Tuesday, May 6, 2014
The Railway Man 
ChicagoTribune (M. Phillips) review
AARP.org (M. Grant) review
RE.com (C. Levine) review
AVClub (A.A. Dowd) review
The Railway Man  (directed by Jonathan Teplitzky, screenplay by Frank Cottrell Boyce and Andy Paterson, based on the memoir of Eric Lomax [IMDb]) tells the remarkable story of Eric Lomax (played as a young British signals officer soon POW after the Fall of Singapore to the Japanese during WW II by Jeremy Irvine and 35 years later as an older still wounded WW II veteran by Colin Firth).
The ignominious defeat of the British by the Japanese in Singapore has been largely blamed on Brits' simultaneously arrogant and incompetent Imperial commanders who had convinced themselves that the Japanese would "never be able to reach Singapore" much less by land via Malaysia (Well they did ...) and when Japanese arrived they proved unable to organize a coherent defense against them. The Commanders' failures, of course, were then horribly paid-for by both Singapore's heavily Chinese citizenry as well as the rank-and-file British/Colonial troops who they handed-over _largely without a fight_ to the Japanese. The Imperial Japanese WHO NEVER HAD MUCH RESPECT FOR P.O.W.s considered the British troops so _unceremoniously_ handed-over to them by their generally gutless brandy drinking commanders as "men without honor." The rest of the story unspooled from there...

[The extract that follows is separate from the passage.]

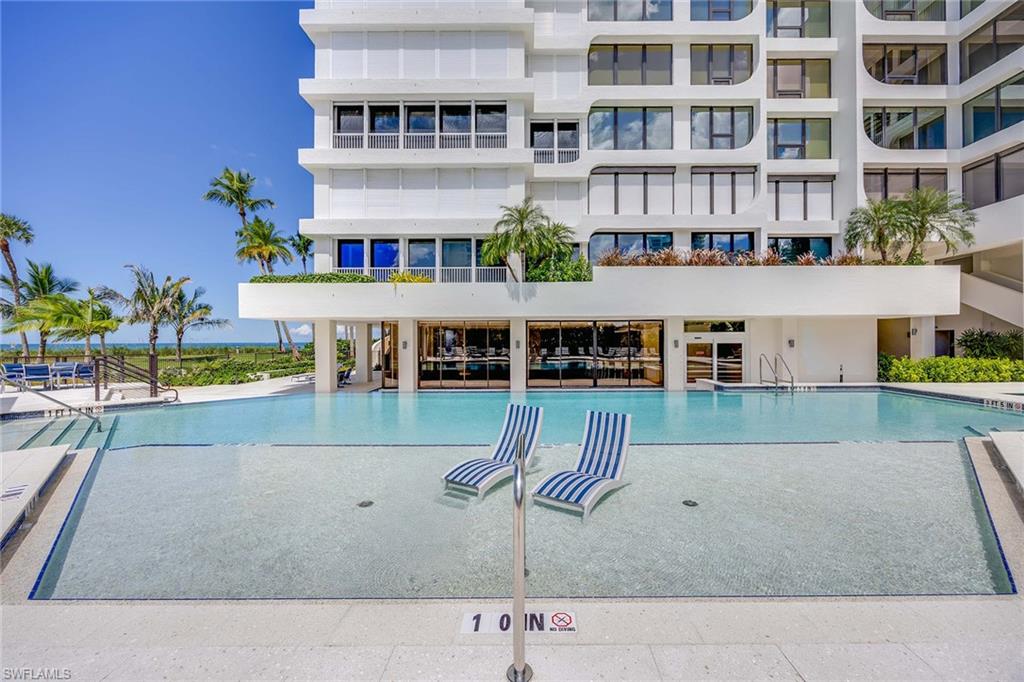4301 Gulf Shore BLVD N # 202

Young Lomax along with the other members of his signals (radio) officers were transported from Singapore down to Malaysia and across to Thailand to help build the infamous Siam-Burma Railway about which the famous post-WW II film Bridge Over The River Kwai  was made. The British POWs were horribly mistreated. Asked at one point why they were being so inhumanly treated, a Japanese guard tells them: "You are men without honor. You (simply) surrendered." To which Lomax and his compatriots respond, "WE didn't." But they had, or at least were surrendered (by gutless commanders) and now were being worked to death under unbearable sweltering conditions by their Japanese captors who considered them unworthy of concern.
What to do? Well these were former signals officers. So with commandeered parts (and a couple of key vacuum tubes still secreted away with them from their radio sets back in Singapore -- and hidden from their Japanese captors) they build a radio set TO SIMPLY CATCH NEWS ABOUT THE WAR (Here the wartime BBC is shown serving its truly legendary inspiring role during the worst days of WW II). Inevitably the radio war discovered. Lomax in particular was tortured for having assembled it. But at least they were resisting rather than simply following orders.
Eventually, of course, the Japanese lost the war and the British POWs in Thailand were freed. What now? How do these scarred, beaten men get fixed?
Well as in the U.S., these vets now back in Britain would meet, talk (and not talk...) about past events, but mainly just remain together as an understandably rather closed group, understanding that truthfully almost no one "outside" could possibly understand.
But life does go on ... and so in 1980 (!) Lomax (now played by Colin Firth) finds by chance on a train a woman named Patti (played by Nicole Kidman) who he soon falls in love with and they marry. Yet, though finding himself in a position to (finally) be happy ... what's today called Post Traumatic Stress Disorder sets in. He starts having terrible nightmares recalling the worst moments of his captivity building the railroad in Thailand. But Patti happens to be a former nurse and she both decides and proves to have the skills to help. There's also a friend and fellow vet/POW Filnay (played when young during the War/Captivity by Sam Reid and later in 1980 by Stellan Skarsgård). Finally, they all find (and are appalled) that apparently one of the former Japanese officers, named Takeshi Nagase (played when young by Tanroh Ishida and as an older man by Hiroyuki Sanada), who had served as an interpreter during their torture and interrogations during the War, had apparently opened "a Museum" (!) on the Siam-Burma line (to help explain how it was built). This offers an opportunity for Lomax, Finley, et al, to finally confront their horrific past AND BE ABLE TO DO SOMETHING ABOUT IT.
The rest of the story, which IMHO is truly remarkable, unspools from there ... and certainly offers much to reflect on and to talk about afterwards.